Une affaire toujours d’actualité
L’année 2015 a grandement marqué l’histoire des relations diplomatiques entre la Corée du Sud et le Japon. En effet, le 28 décembre a été conclu un accord entre les deux pays. Le Premier ministre Shinzo Abe a exprimé ses plus sincères excuses aux victimes et « son repentir, du plus profond du cœur ». En plus de ces excuses, le Japon verse 7,5 millions d’euros de dédommagement aux anciennes « femmes de réconfort ». Cet accord est cependant critiqué des deux côtés. Au Japon, les nationalistes estiment qu’il s’agit d’une traîtrise de la part de leur gouvernement.

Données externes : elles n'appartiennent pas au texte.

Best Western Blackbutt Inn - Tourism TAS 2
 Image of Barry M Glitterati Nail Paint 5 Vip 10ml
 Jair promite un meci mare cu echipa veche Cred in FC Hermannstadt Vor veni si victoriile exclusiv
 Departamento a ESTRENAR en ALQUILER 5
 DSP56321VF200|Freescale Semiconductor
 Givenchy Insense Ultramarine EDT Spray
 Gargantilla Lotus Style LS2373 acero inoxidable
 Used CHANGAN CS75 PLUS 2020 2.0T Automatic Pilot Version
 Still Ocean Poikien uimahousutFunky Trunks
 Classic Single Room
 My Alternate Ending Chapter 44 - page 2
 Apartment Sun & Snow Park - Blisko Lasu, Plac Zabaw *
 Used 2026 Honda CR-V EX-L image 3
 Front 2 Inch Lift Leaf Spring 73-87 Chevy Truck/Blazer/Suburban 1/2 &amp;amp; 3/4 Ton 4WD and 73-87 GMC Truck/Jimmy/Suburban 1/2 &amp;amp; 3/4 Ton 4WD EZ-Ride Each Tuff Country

En Corée, les anciennes victimes reprochent au Japon l’absence de responsabilité officielle et critiquent le fait que l’argent donné aux victimes ne soit pas une réelle compensation.
L’histoire des « femmes de réconfort » connaît encore aujourd’hui des rebondissements. En effet, une nouvelle affaire a éclaté ces derniers jours, n’améliorant pas les relations entre la Corée et le Japon. Le 28 décembre dernier, une statue rendant hommage à ces femmes a été érigée par des militants devant le consulat du Japon à Busan. Le Premier ministre japonais a sommé le gouvernement sud-coréen de la retirer le 8 janvier 2017 avant de rappeler son consul à Tokyo. Ladite statue a été retirée, mais les autorités locales ont finalement autorisé les militants à la remettre en place. Ce mouvement de protestation fait suite à la visite du ministre japonais de la Défense au sanctuaire de Yasukuni au Japon, sanctuaire honorant les criminels de guerre japonais.
Les « femmes de réconfort » risquent de faire encore parler d’elles pendant bien des années bien que le nombre de survivantes diminue de jour en jour. La Corée souhaite une réelle reconnaissance par le Japon ; quant au gouvernement japonais, il estime avoir fait son devoir. Allant de provocation en provocation, cet épisode de l’Histoire des deux pays ne fait qu’envenimer leurs relations. Ce sujet des « femmes de réconfort » reste aujourd’hui encore un point sensible dans les affaires diplomatiques.
Pour ceux qui voudraient aller plus loin, Cho Jung Rae a réalisé un film sur ces femmes, se basant sur les témoignages des survivantes. Attention, ce film est déconseillé aux plus sensibles.